EXERCISE PROMPT | In the entries below, the lines from the one with "DCeased (Compact Edition)" through the one with "TRAGÉDIE: U Litomyšle" are to be copied exactly; both ends count.

DATA FOR REVIEW |

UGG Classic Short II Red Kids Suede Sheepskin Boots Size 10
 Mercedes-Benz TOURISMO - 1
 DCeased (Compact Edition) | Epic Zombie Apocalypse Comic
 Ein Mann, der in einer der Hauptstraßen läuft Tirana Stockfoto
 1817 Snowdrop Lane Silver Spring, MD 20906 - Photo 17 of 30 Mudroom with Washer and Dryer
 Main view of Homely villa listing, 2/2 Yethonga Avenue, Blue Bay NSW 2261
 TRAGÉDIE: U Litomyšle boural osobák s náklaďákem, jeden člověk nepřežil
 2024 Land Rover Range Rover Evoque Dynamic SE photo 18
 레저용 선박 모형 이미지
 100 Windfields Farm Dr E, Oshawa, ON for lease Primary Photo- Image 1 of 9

REPLY TO THE EXERCISE |
 DCeased (Compact Edition) | Epic Zombie Apocalypse Comic
 Ein Mann, der in einer der Hauptstraßen läuft Tirana Stockfoto
 1817 Snowdrop Lane Silver Spring, MD 20906 - Photo 17 of 30 Mudroom with Washer and Dryer
 Main view of Homely villa listing, 2/2 Yethonga Avenue, Blue Bay NSW 2261
 TRAGÉDIE: U Litomyšle boural osobák s náklaďákem, jeden člověk nepřežil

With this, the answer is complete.